Dealing with a lot of data usually lot of problems
I’ve just read a post of my friend Mauro, “Dealing with log of Data” and I really agree with his position, because projects that needs to manage big amount of data usually brings a lot of problems both on production server, but also on the everyday developer life.
We tend to think that since disk space is quite cheap in these days , it is not a big problem, but this is usually false. Even if we are not worried about performance, having really big databases makes more difficult to manage backups. If you have 1GB Sql Server database, you can use much more easy backup strategy than a situation where you have three database that account for 150GB in total. Time to do a full backup is usually really high, time to restore a database is even higher and these are only few of the problem that you will start to face on production server. For performance we can buy really fast hardware (after all it is production hardware so it worth spend on it) and we can reach good performance even with such big databases.
The situation starts to become worst in Staging or PreProduction servers, because we are usually used to test milestone of the software on a copy of production data to be sure to find bugs caused by specific data in database. Doing a Backup Restore from production to PreProduction with 150GB of data, usually requires that PreProduction servers are located in the same network of Production Servers and this is not always possible. Managing multiple parallel environment in PreProduction starts to become really expensive, if each environment uses 150GB of data, you usually ends storing that environment in slower SAN or in machines with 7200 RPM disks. After all if you can afford buying really fast machine for a single production environment , it is difficult to justify a similar expense for multiple PreProduction servers. Running complex suite of tests usually requires being able to restore the database to a known state between each suite of test, this can be easily accomplished with Virtual Machines and snapshot, because a restore of the database is not so easy to do.

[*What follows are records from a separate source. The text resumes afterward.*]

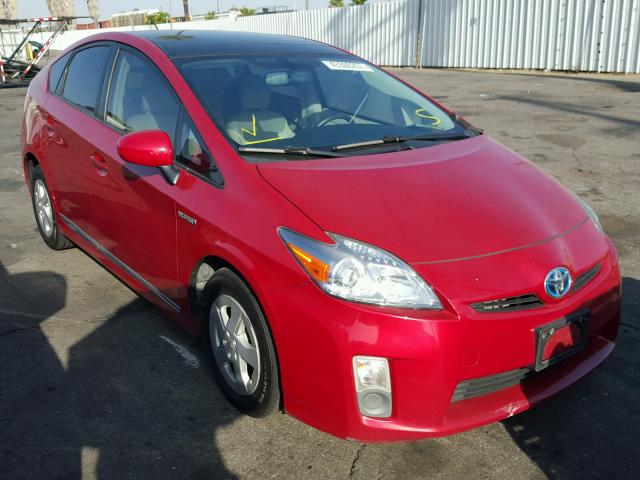 JTDKN3DU1A0008568 - 2010 TOYOTA PRIUS RED photo 1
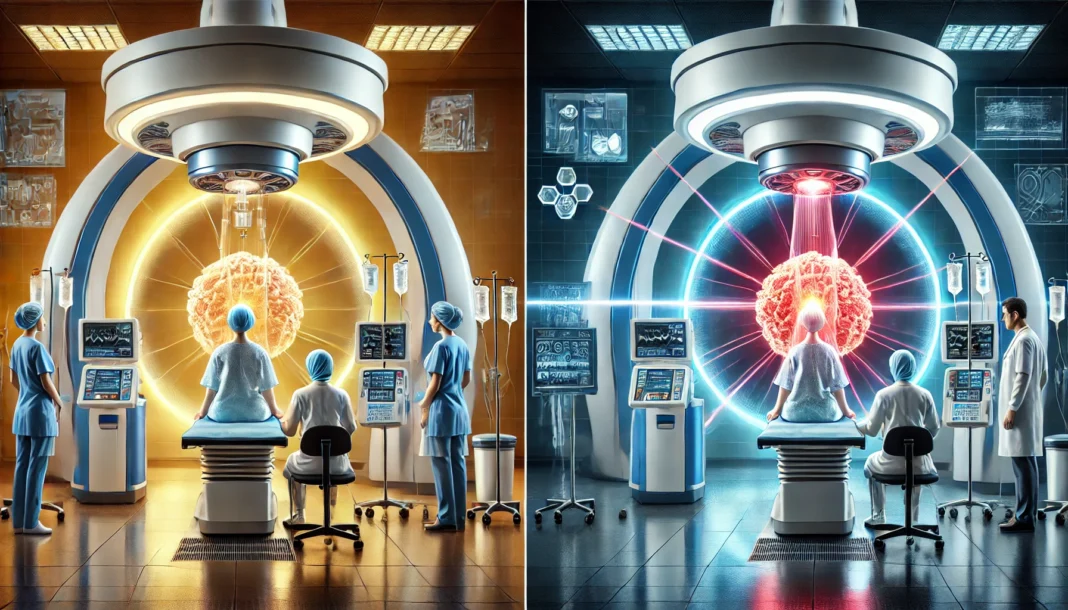 A split-screen medical visualization showing a patient receiving intravenous chemotherapy on the left and another undergoing radiation therapy in a high-tech treatment machine on the right, highlighting differences in cancer treatment approaches.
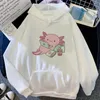 Kvinnors hoodies axolotl kvinnor kawaii koreansk stil harajuku hoddies kvinnlig fleece tröja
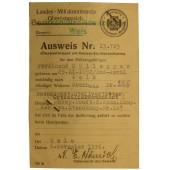 Certificat autrichien délivré au membre de la milice terrestre. Année 1936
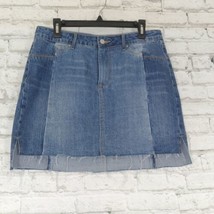 Gianni Bini Womens Skirt Large Blue Becca Two Tone Jean Denim Mini 90s Y2K - $21.99
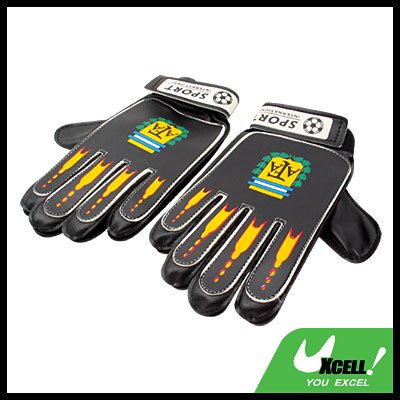 Football Soccer Ball GoalKeeper Gloves Adult Size - Black@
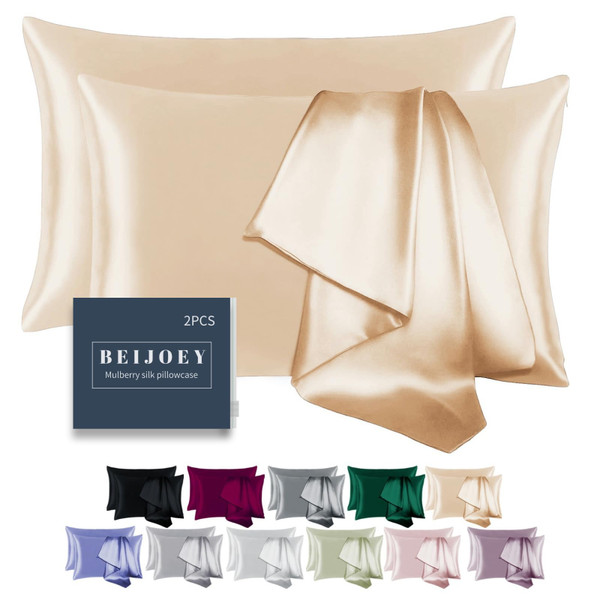 BEIJOEY 100% Mulberry Silk Pillowcase 2 Pack for Hair and Skin,with Hidden Zipper,Both Sides 19 Momme 600 Thread Count Natural Silk Pillow Cover,Soft Breathable Smooth (Buff Beige, Standard 20''x26'')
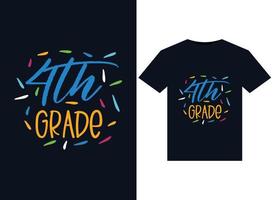4th Grade illustrations for print-ready T-Shirts design vector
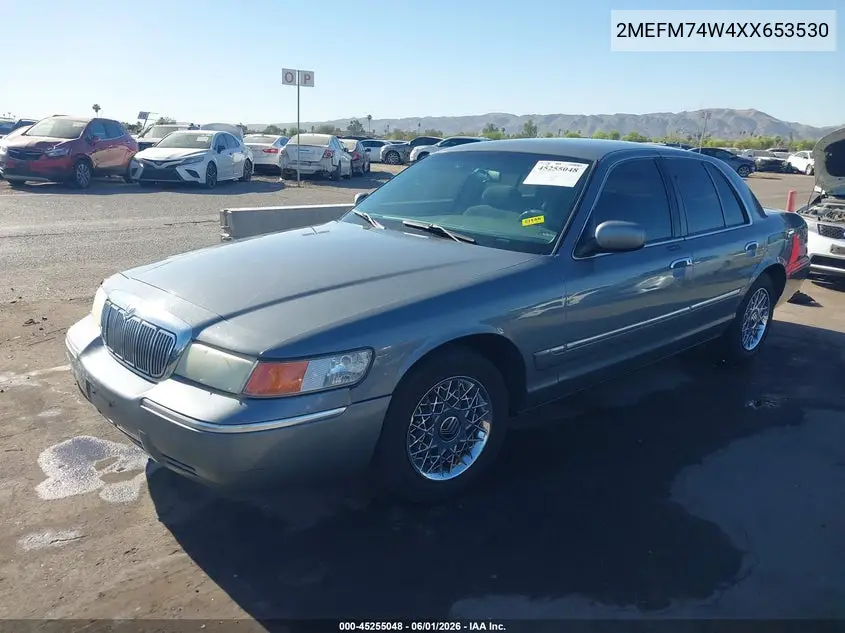 1999 Mercury Grand Marquis Gs VIN: 2MEFM74W4XX653530 Lot: 45255048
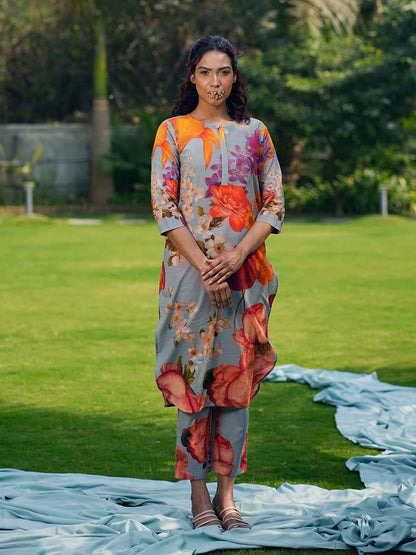 Botanical Cotton Grey Kurta Co-Ord Set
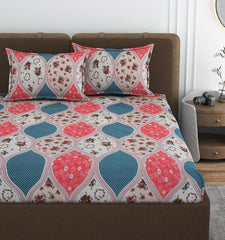 Queen Size Double Bedsheets With 2 Pillow Cover - Size 72 X 72 X 10 Inches, Multicolor | All Around Elastic Fitted - Lightweight, Soft & Comfortable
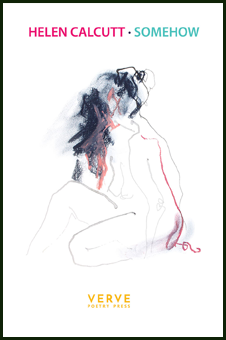 The jacket is white. A central line drawing occupies most of the space. It is a naked woman with her spine traced in red, and a blurred blackish smear across her head and across towards her knee. So you can't see her face. The blur could be grief? The author name and title are at the top in caps, the author's name first in bright pink, then the title in turquoise. The publisher's log is centred at the foot of the jacket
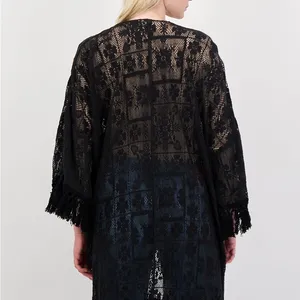 Aerie Crochet Lace Fringe Hem Kimono Women’s M/L Black Floral Swim Coverup Boho thumbnail 4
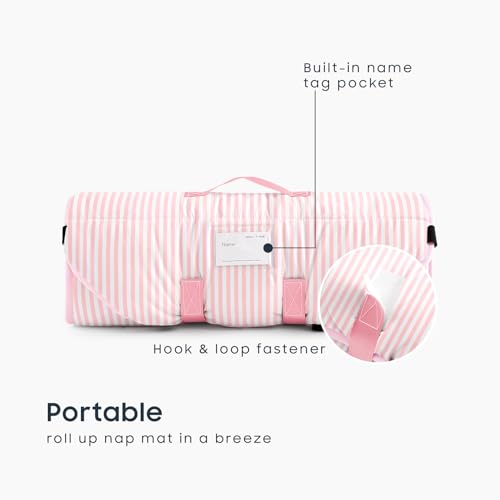 Image of Wake In Cloud - Cot Nap Mat with Pillow and Blanket, 100% Cotton Fabric, for Toddler Kids Boys Girls Ages 3 Plus in Daycare Kindergarten Preschool, Ticking Stripes
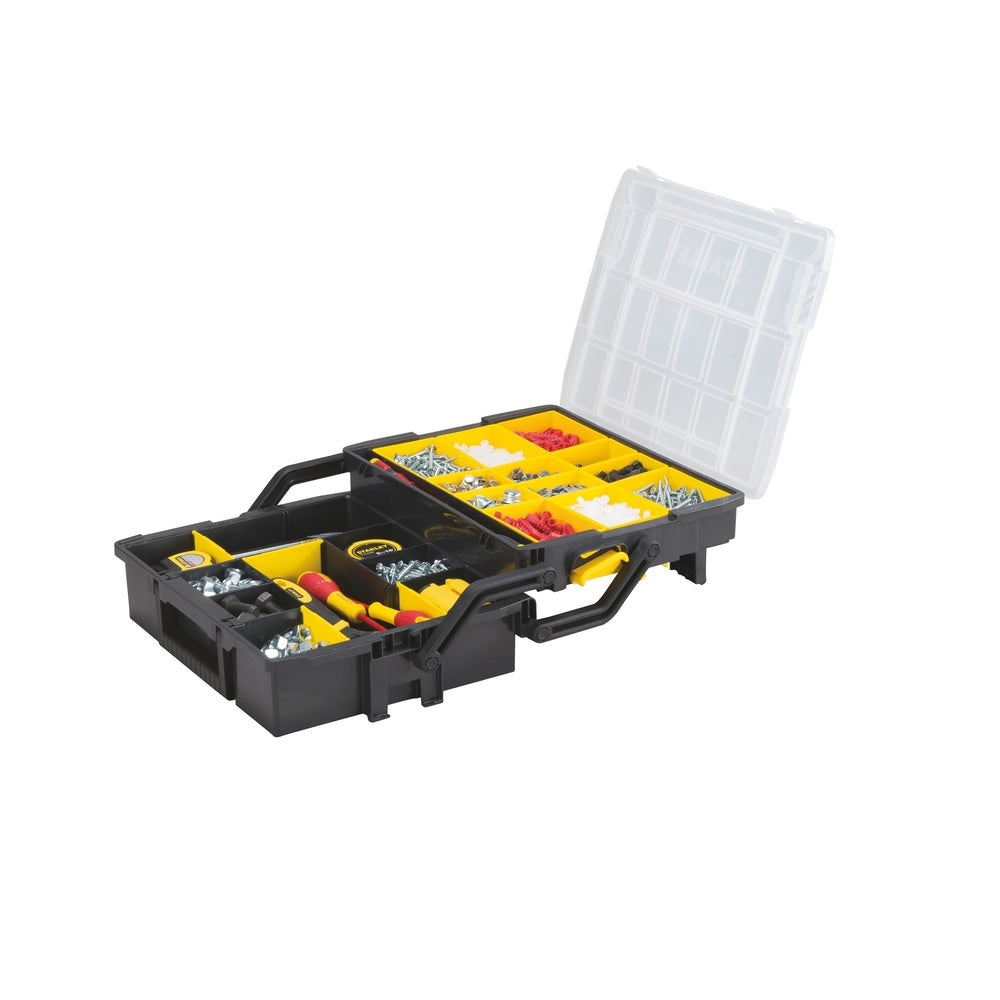 Stanley STST14028 Organizer with Clear Lid, 15.75", Black/Yellow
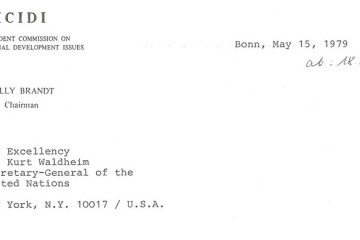 Ausschnitt des Briefkopfes von Willy Brandt als Vorsitzender der Independent Commission in internationale developement issues an Dr. Kurt Waldheimer, den Generalsekretär der Vereinten Nationen, am 15. Mai 1979.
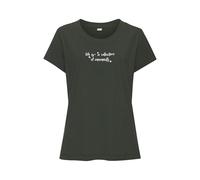 Pyjamaoberteil S.OLIVER, Damen, Gr. 32/34, grün (dunkelgrün), Single Jersey, Obermaterial: 50% Baumwolle, 50% Viskose, Basic, bequem kurz, Rundhals, Kurzarm abgesteppt, Shirts, mit niedlichem Frontdru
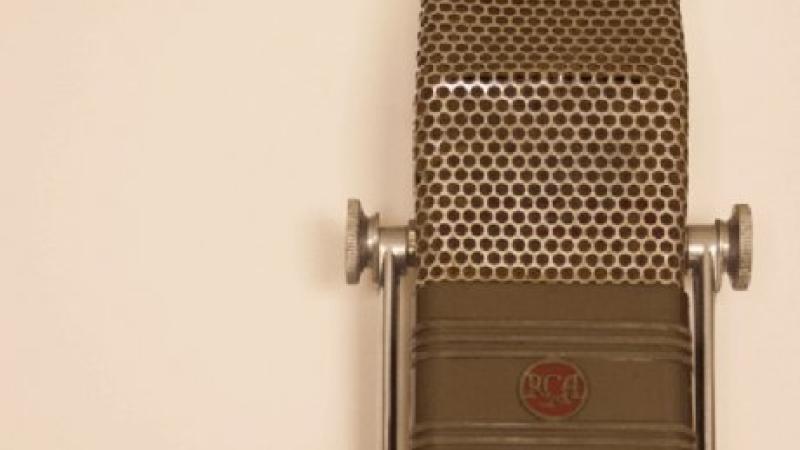photo of an old microphone
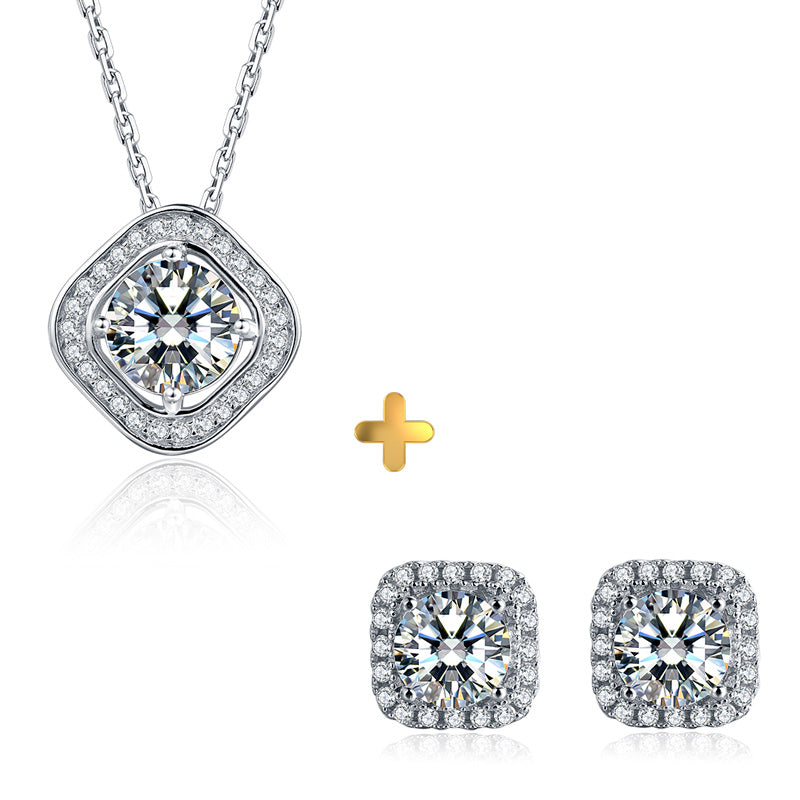 Sterling Silver Moissanite Square Stud Hypoallergenic Earrings + Necklace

If in PreProduction environment the situation is not so good, the situation become really bad for the single developer. With ~4GB of database data you can even use a RAMDisk to achieve lightning speed to run tests, but with 150 GB of data, if you need a full database with real data to run certain suite of tests it is a huge pain. It is true that running test or working with a database with real data is not the typical everyday work for developers, but some data shapes are really complex, you can have thousands of unit tests, but from time to time you need to run integration test with real data. Database of that kind of size usually tends to exhibit all sort of problem regarding performance , and working on a reduced sets of data create an high risk that some code become really unusable when run on production data. When a developer write a new piece of the software, despite unit testing, he need to do some runs against a database of the same size of production database to verify that the queries are good.
This lead to an obvious conclusion: when you design your data storage, keep in mind that size is a problem, even if storage space is cheap, the real cost become maintaining a good infrastructure to make developers and testers productive.